▶ [WHAT TO PRODUCE]
Every entry that follows is to be set down exactly, with its pictures omitted.

(Captioned web image data)

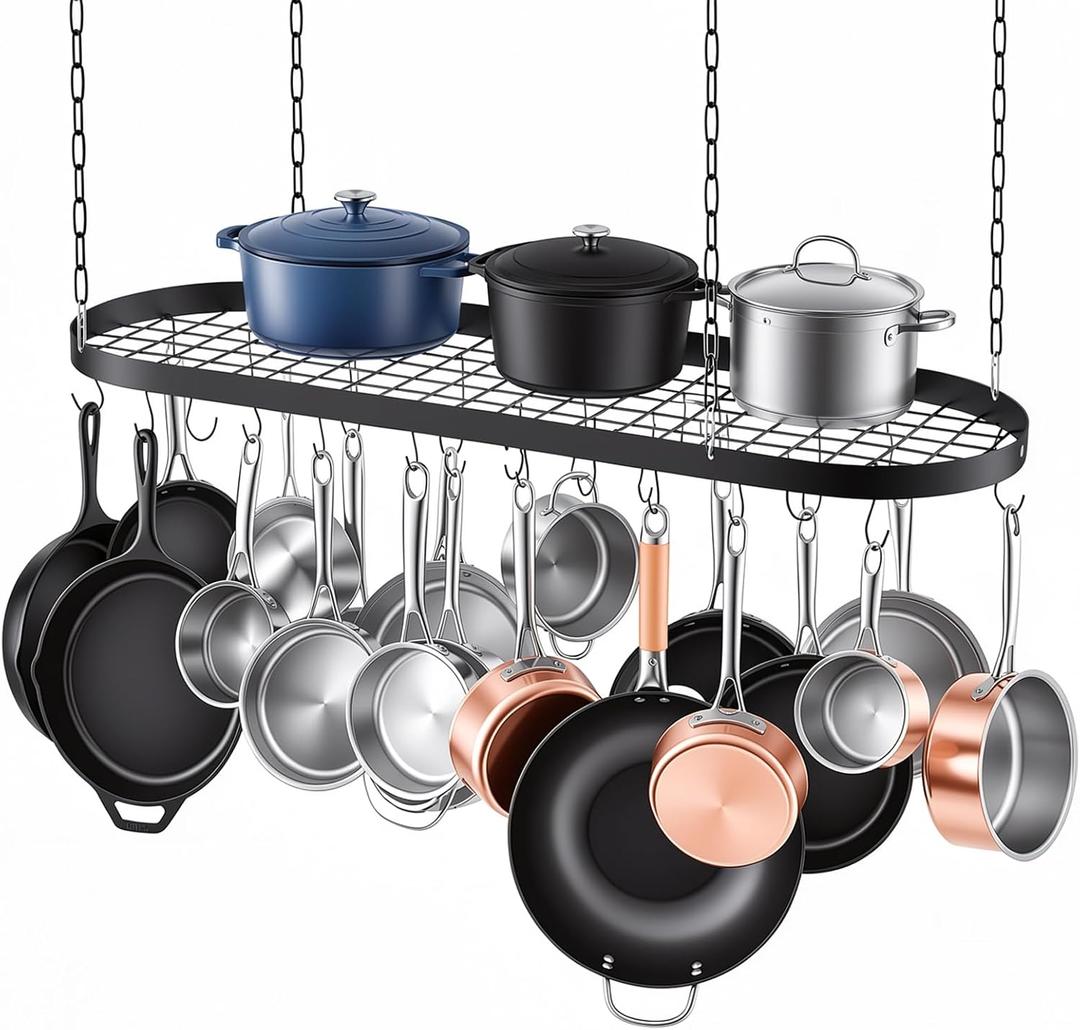 Nuanchu 48" Ceiling Pot Rack Hanging, 130 lb Capacity, 30 Hooks, Heavy Duty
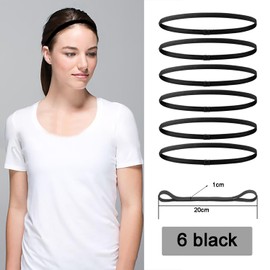 Pack of 6 Men's Hair Bands, Hair Band Boys Sports, Elastic Headbands, Non-Slip Hair Band, Men's Elastic Hair Band, Non-Slip Headbands, Women, Thin (6 Black)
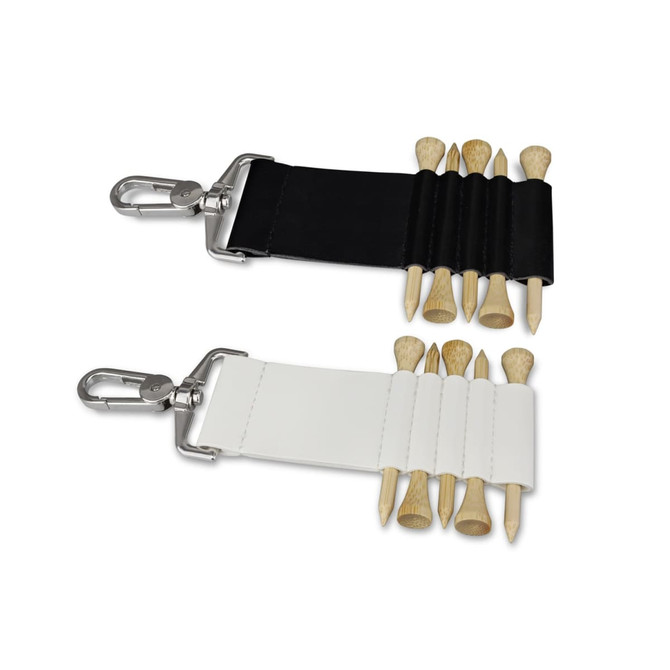 A black and white Fairway Golf Tee Holder with multiple wooden golf tees and a metal clip.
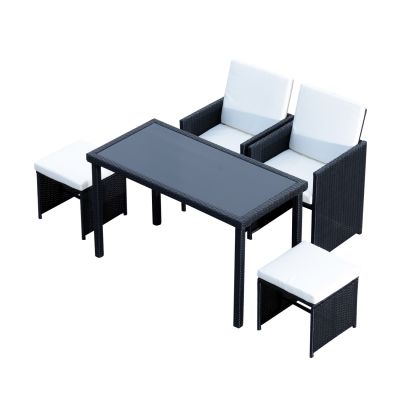 Outsunny Set Mobilier de Gradina in PE Rattan Mese 2 Scaune 2 Taburet cu Perne, Negru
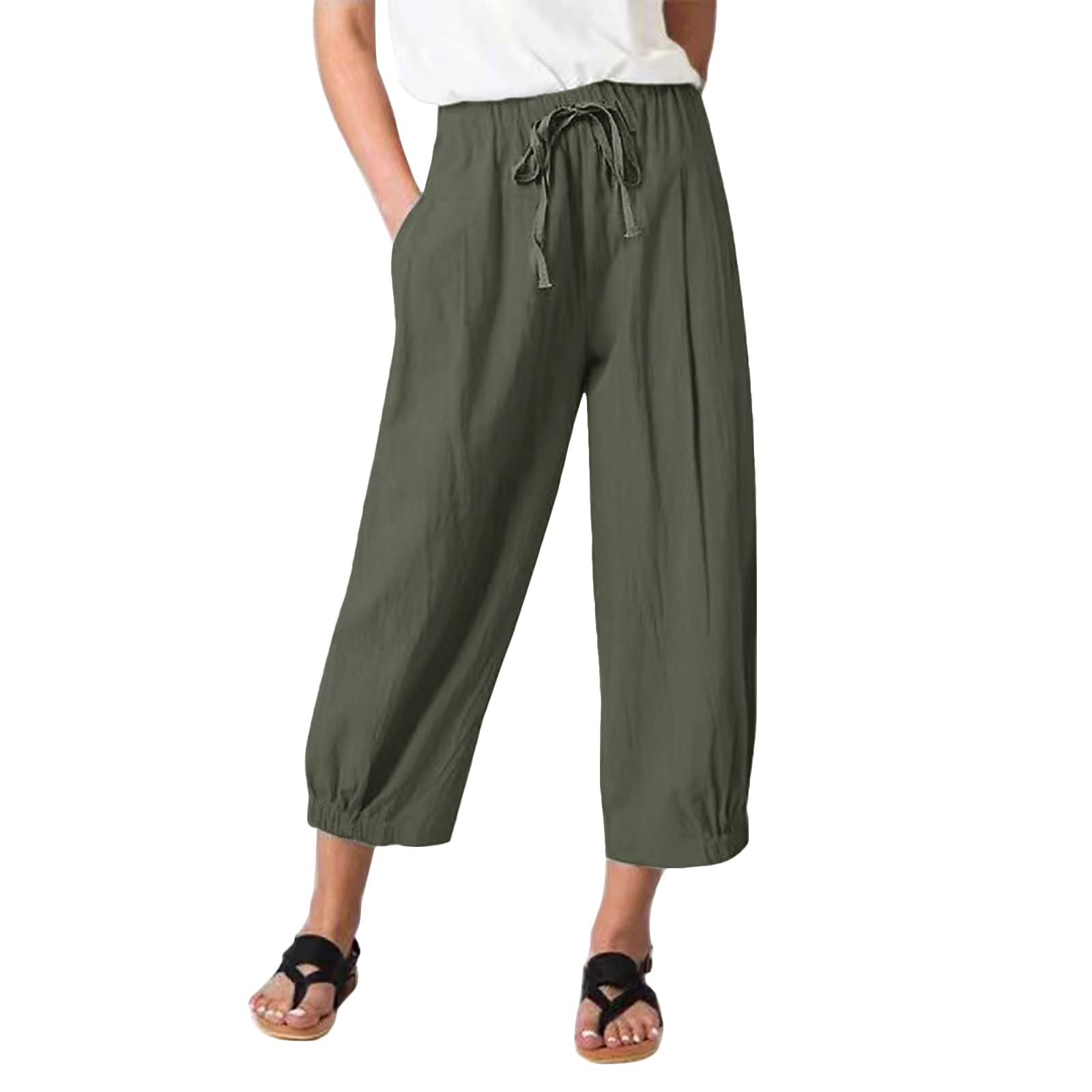 TBAWomen's Casual Pants Summer Wide Leg Capris Drawstring Elastic High Waist Cotton Cropped Trousers with Pockets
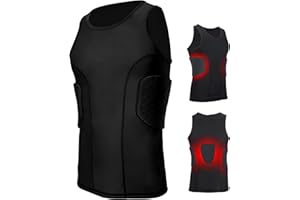 SOONHUA Camiseta de fútbol acolchada para hombre, protección antigolpes de silicona, pantalones cortos, accesorio de protección deportivo, equipo para baloncesto, rugby, chaleco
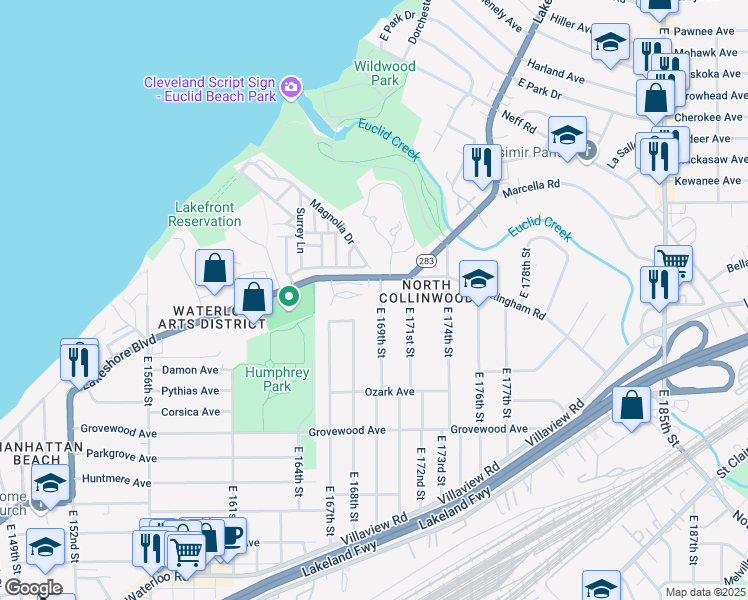 map of restaurants, bars, coffee shops, grocery stores, and more near 1018 East 169th Street in Cleveland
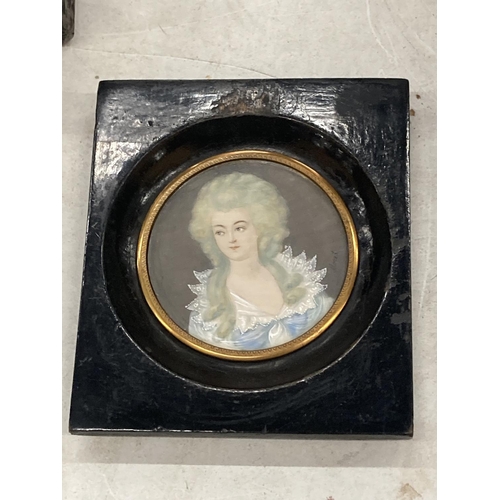 174 - A 19TH CENTURY HAND PAINTED PORTRAIT OF A LADY, SIGNED MONET, IN EBONISED WOODEN FRAME, 10 X 9CM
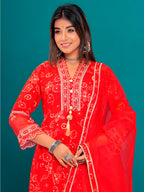 Embroidered & Bandhani Printed Kurta With Pant & Dupatta, Red - Hiral Fashion | Grocsy
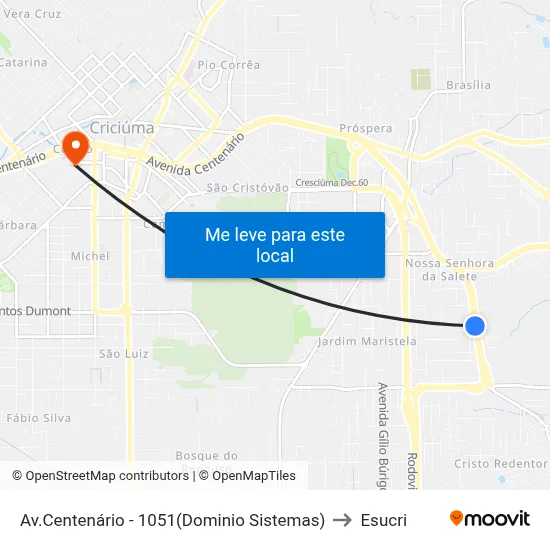 Av.Centenário - 1051(Dominio Sistemas) to Esucri map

▶ [RESPONSE TO THE TASK]
 Nuanchu 48" Ceiling Pot Rack Hanging, 130 lb Capacity, 30 Hooks, Heavy Duty
 Pack of 6 Men's Hair Bands, Hair Band Boys Sports, Elastic Headbands, Non-Slip Hair Band, Men's Elastic Hair Band, Non-Slip Headbands, Women, Thin (6 Black)
 A black and white Fairway Golf Tee Holder with multiple wooden golf tees and a metal clip.
 Outsunny Set Mobilier de Gradina in PE Rattan Mese 2 Scaune 2 Taburet cu Perne, Negru
 TBAWomen's Casual Pants Summer Wide Leg Capris Drawstring Elastic High Waist Cotton Cropped Trousers with Pockets
 SOONHUA Camiseta de fútbol acolchada para hombre, protección antigolpes de silicona, pantalones cortos, accesorio de protección deportivo, equipo para baloncesto, rugby, chaleco
 map of restaurants, bars, coffee shops, grocery stores, and more near 1018 East 169th Street in Cleveland
 174 - A 19TH CENTURY HAND PAINTED PORTRAIT OF A LADY, SIGNED MONET, IN EBONISED WOODEN FRAME, 10 X 9CM
 Embroidered & Bandhani Printed Kurta With Pant & Dupatta, Red - Hiral Fashion | Grocsy
 Av.Centenário - 1051(Dominio Sistemas) to Esucri map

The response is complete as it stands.